* [WHAT YOU HAVE TO DO]: Pictures appear among the records below and must be omitted. Repeat exactly the lines from the line with "View of front" to the line with "A man wearing", both included.

* [EXCERPTED DATA]:
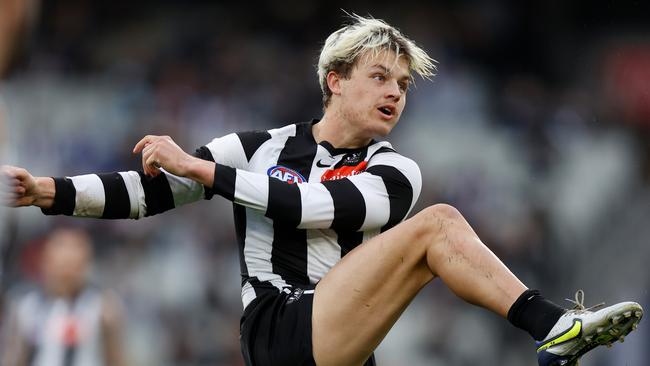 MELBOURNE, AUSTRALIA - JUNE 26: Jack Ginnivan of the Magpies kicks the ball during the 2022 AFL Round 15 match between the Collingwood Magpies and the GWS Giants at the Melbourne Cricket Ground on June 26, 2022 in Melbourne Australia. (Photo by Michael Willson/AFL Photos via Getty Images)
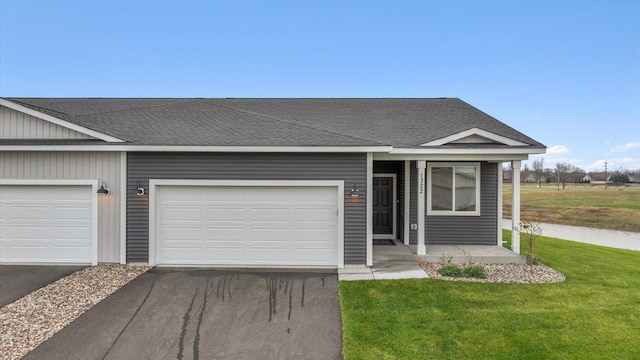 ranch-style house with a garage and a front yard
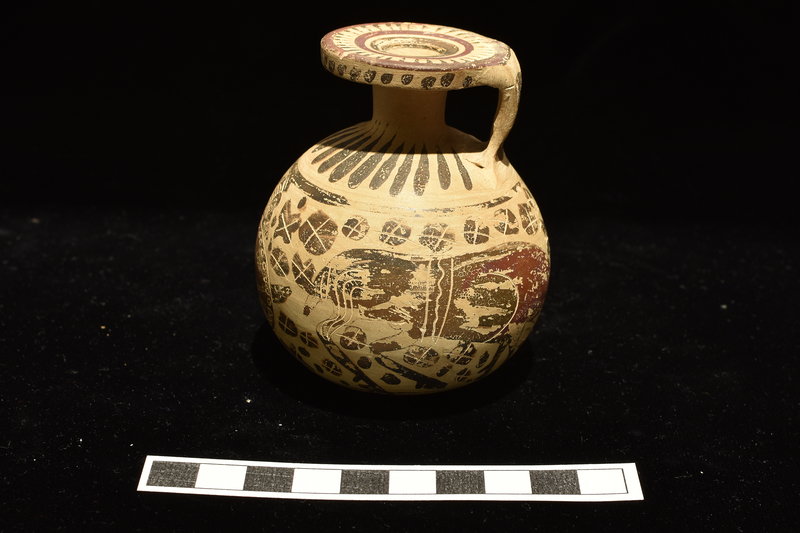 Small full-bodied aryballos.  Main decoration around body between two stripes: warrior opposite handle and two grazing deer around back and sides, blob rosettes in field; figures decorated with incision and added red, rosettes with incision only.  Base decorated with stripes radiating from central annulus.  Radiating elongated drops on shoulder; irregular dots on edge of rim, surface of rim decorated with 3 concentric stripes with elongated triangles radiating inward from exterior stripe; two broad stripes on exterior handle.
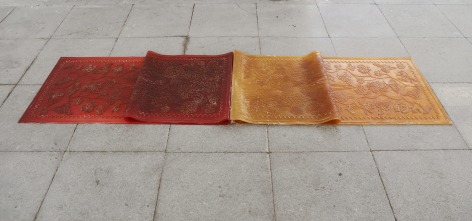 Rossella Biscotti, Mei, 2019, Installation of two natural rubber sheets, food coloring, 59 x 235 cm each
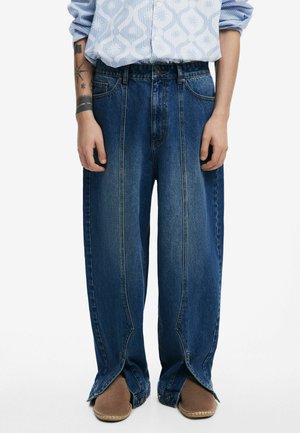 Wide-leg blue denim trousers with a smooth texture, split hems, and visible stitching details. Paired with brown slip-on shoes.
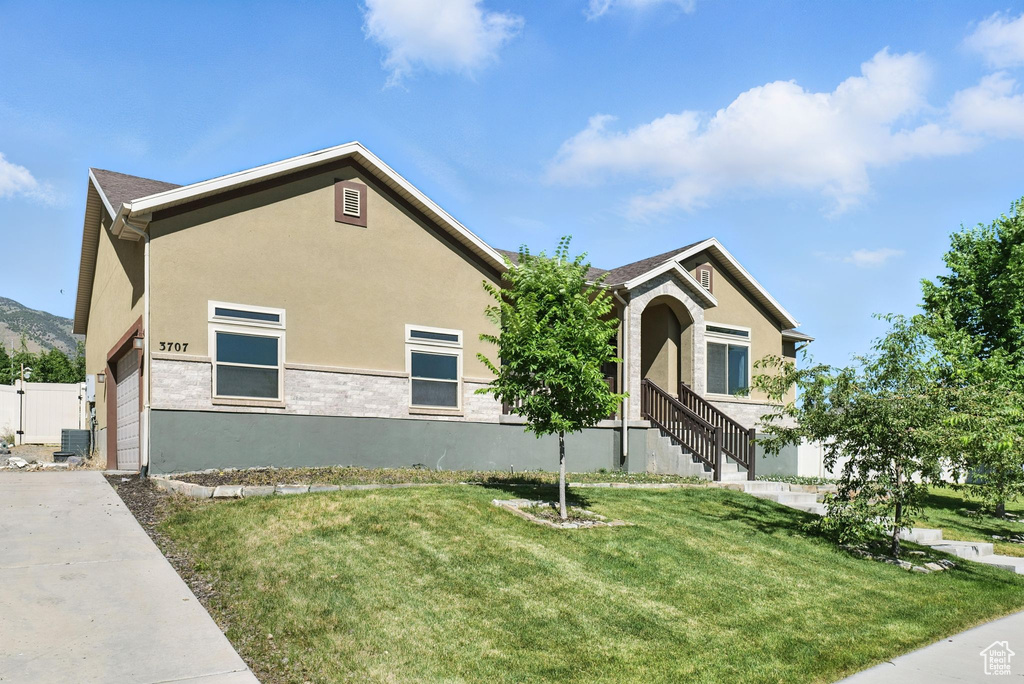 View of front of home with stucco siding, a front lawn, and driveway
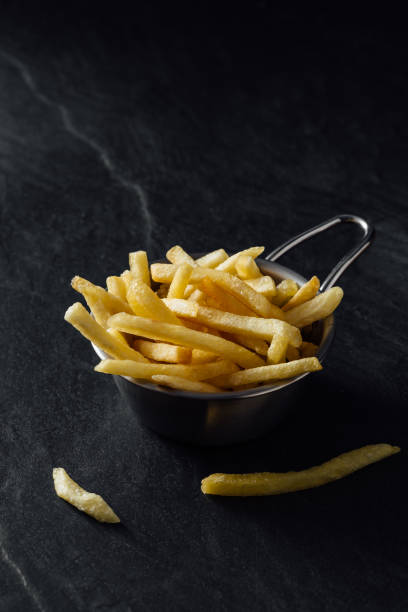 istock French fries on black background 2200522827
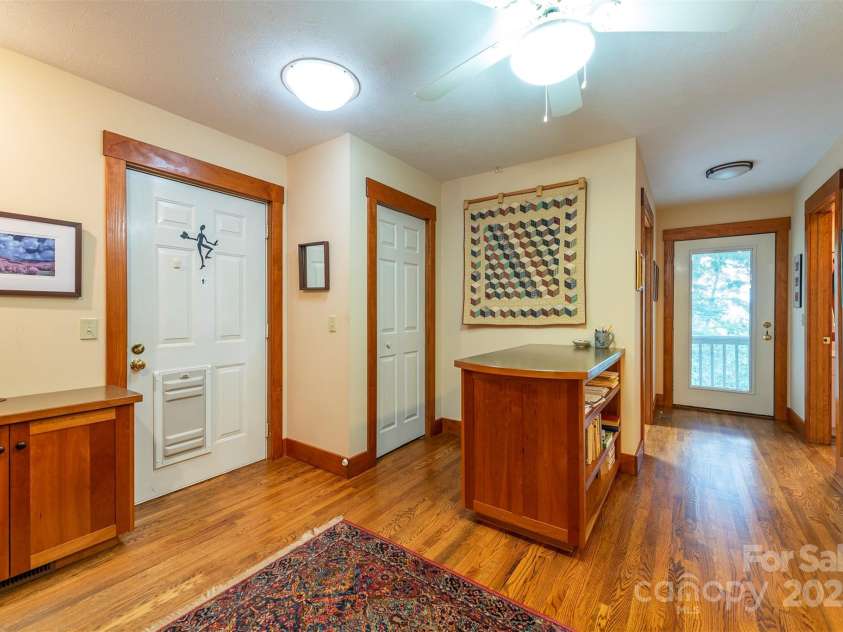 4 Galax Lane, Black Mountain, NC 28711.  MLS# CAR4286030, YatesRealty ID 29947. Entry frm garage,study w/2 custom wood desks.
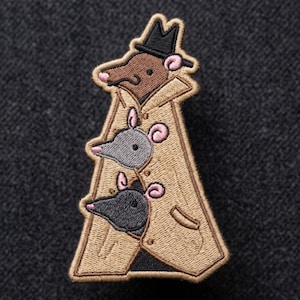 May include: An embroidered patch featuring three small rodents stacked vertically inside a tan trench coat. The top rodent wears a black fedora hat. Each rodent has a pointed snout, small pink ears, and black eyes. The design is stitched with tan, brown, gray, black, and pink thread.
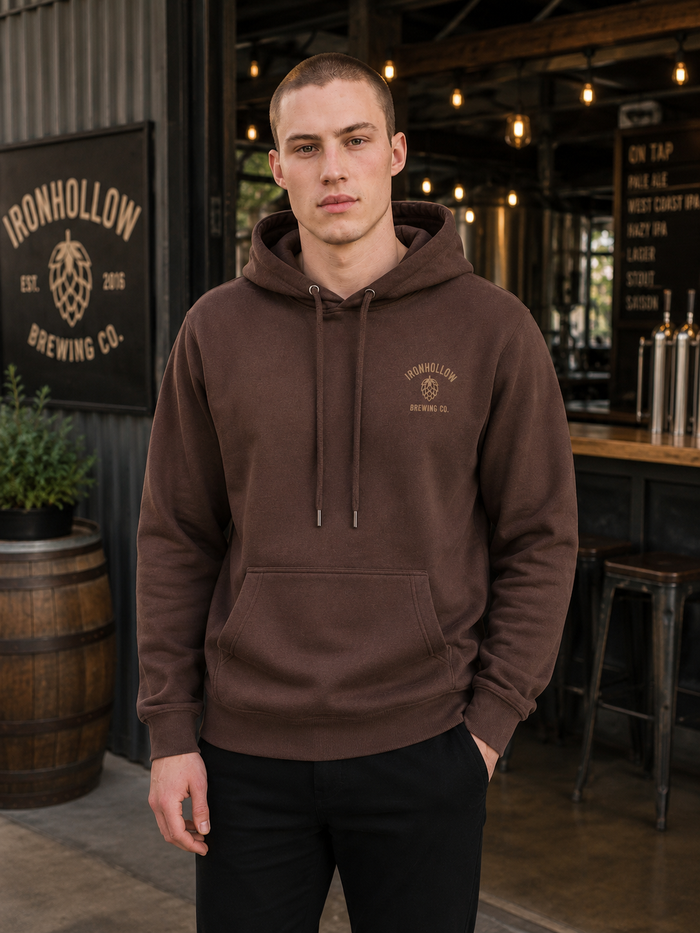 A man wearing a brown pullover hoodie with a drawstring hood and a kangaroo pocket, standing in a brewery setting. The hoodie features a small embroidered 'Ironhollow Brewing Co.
--
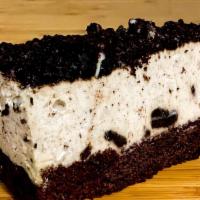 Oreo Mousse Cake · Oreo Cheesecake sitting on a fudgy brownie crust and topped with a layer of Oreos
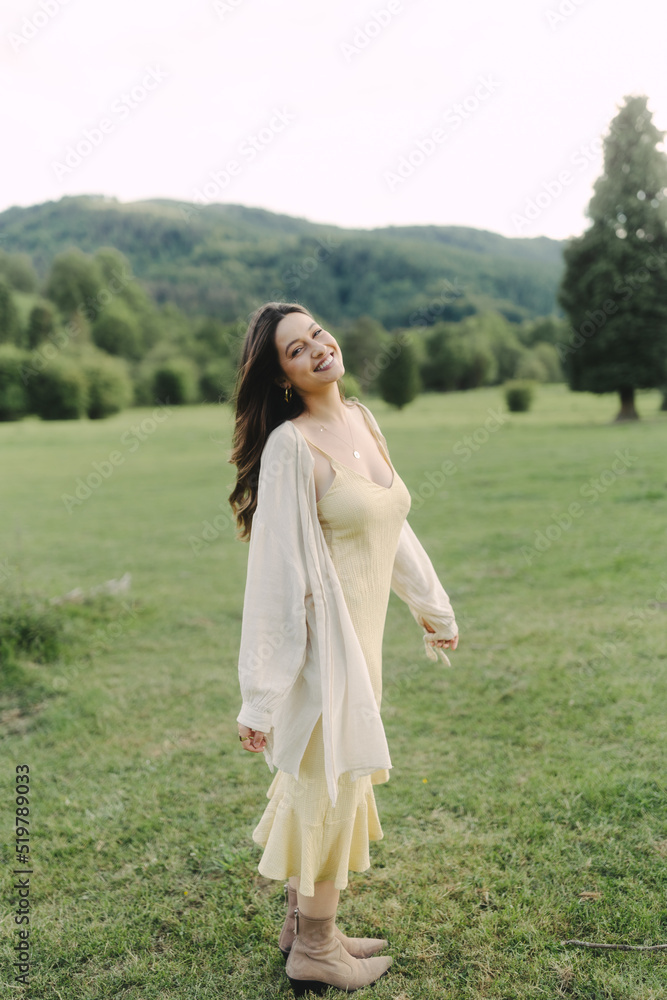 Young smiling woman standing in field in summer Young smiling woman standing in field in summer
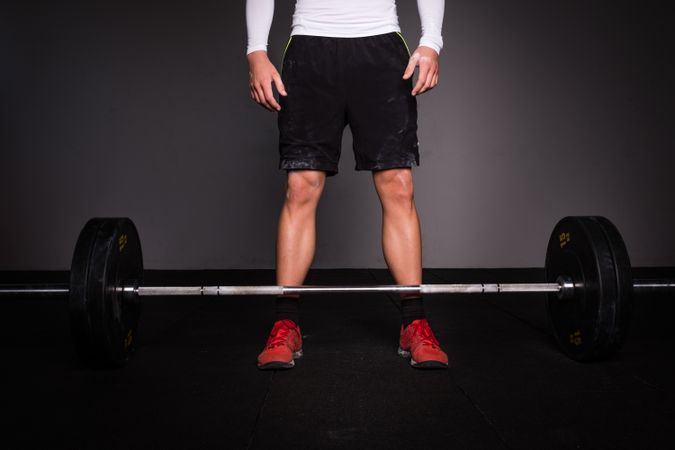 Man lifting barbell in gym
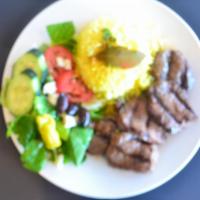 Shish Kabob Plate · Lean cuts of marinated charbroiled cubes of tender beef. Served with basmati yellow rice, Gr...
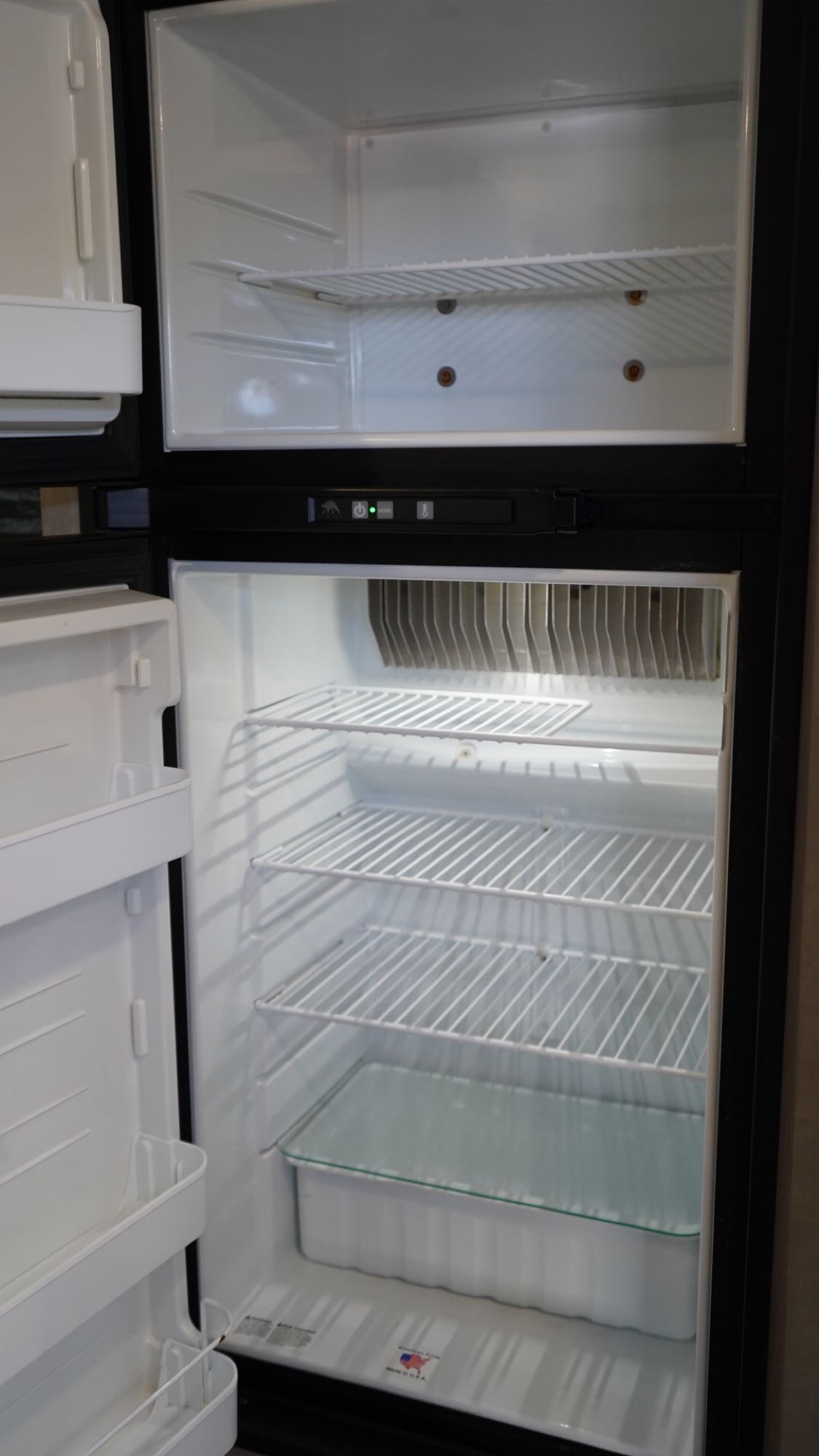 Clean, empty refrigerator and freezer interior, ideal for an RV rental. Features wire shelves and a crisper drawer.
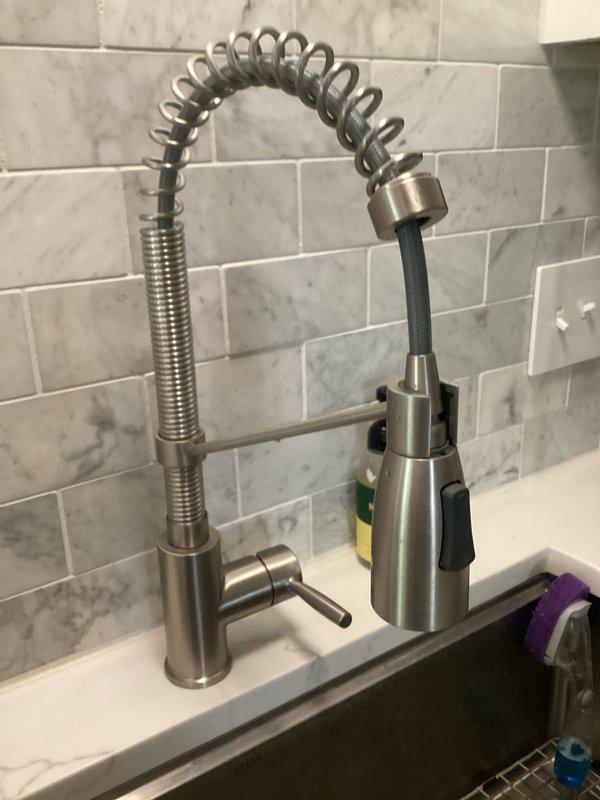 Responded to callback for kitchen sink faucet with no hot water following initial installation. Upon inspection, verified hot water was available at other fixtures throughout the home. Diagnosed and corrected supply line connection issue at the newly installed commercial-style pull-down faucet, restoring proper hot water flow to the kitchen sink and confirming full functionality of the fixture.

* [WRITTEN REPLY]:
 View of front of home with stucco siding, a front lawn, and driveway
 istock French fries on black background 2200522827
 4 Galax Lane, Black Mountain, NC 28711.  MLS# CAR4286030, YatesRealty ID 29947. Entry frm garage,study w/2 custom wood desks.
 May include: An embroidered patch featuring three small rodents stacked vertically inside a tan trench coat. The top rodent wears a black fedora hat. Each rodent has a pointed snout, small pink ears, and black eyes. The design is stitched with tan, brown, gray, black, and pink thread.
 A man wearing a brown pullover hoodie with a drawstring hood and a kangaroo pocket, standing in a brewery setting. The hoodie features a small embroidered 'Ironhollow Brewing Co.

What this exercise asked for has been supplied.